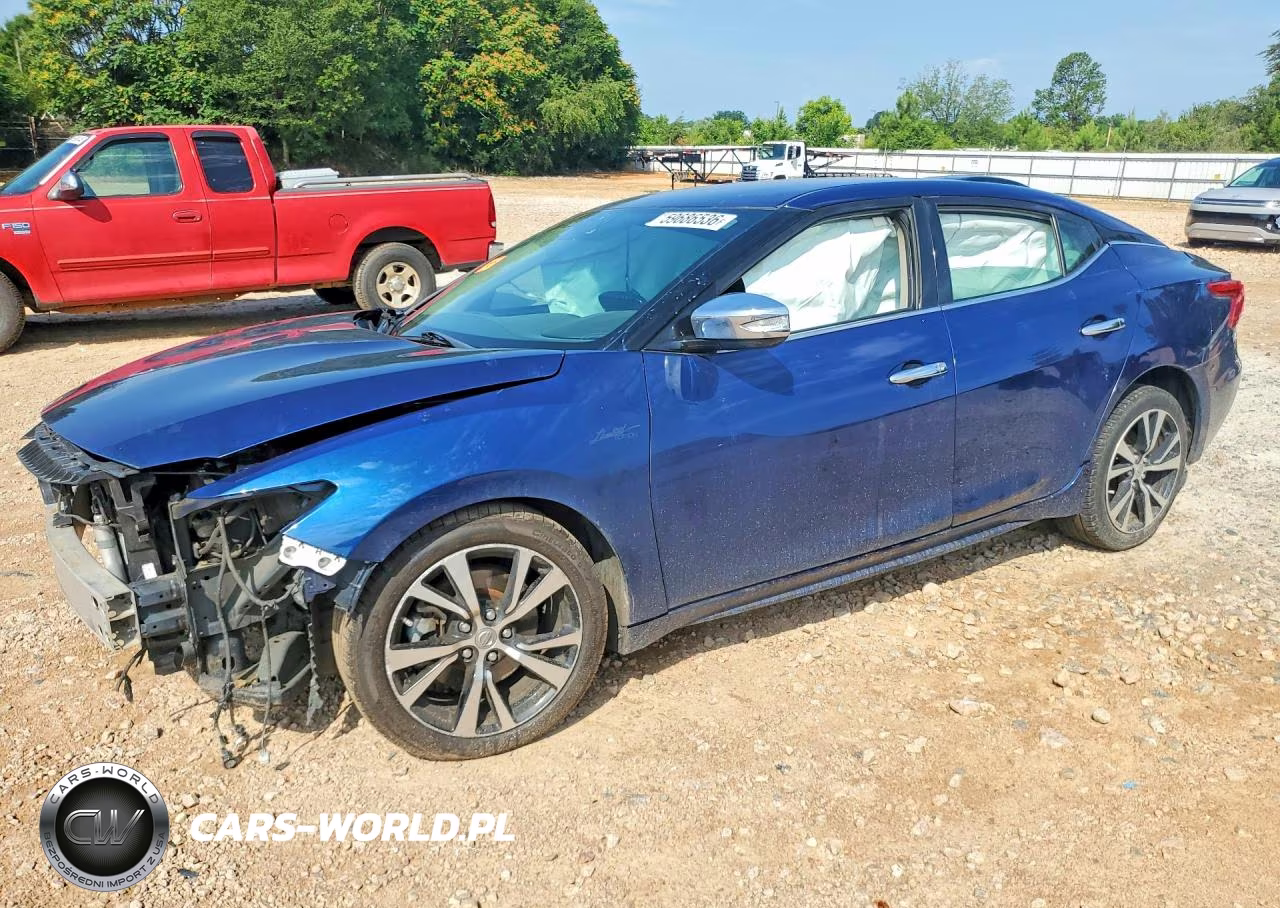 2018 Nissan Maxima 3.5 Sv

---

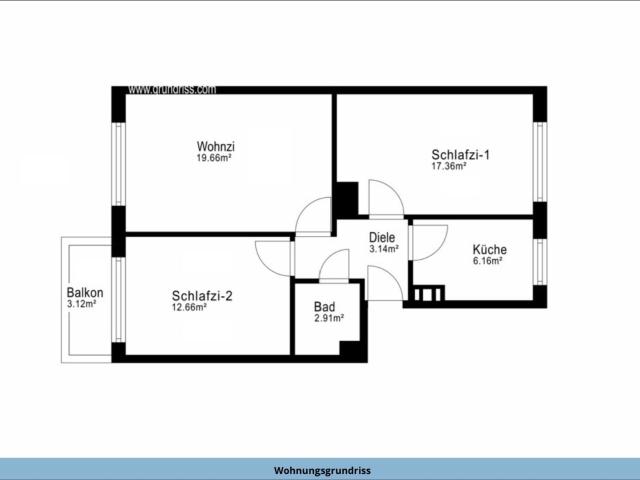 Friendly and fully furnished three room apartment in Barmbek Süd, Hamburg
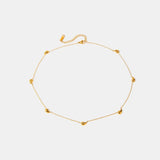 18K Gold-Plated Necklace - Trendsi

# [Work item]
Above are records with pictures. Reproduce exactly only the lines from the line with "Friendly and fully" through the line with "18K Gold-Plated Necklace - Trendsi", both ends included, and leave the pictures out.

# [Problem solution]
 Friendly and fully furnished three room apartment in Barmbek Süd, Hamburg
 18K Gold-Plated Necklace - Trendsi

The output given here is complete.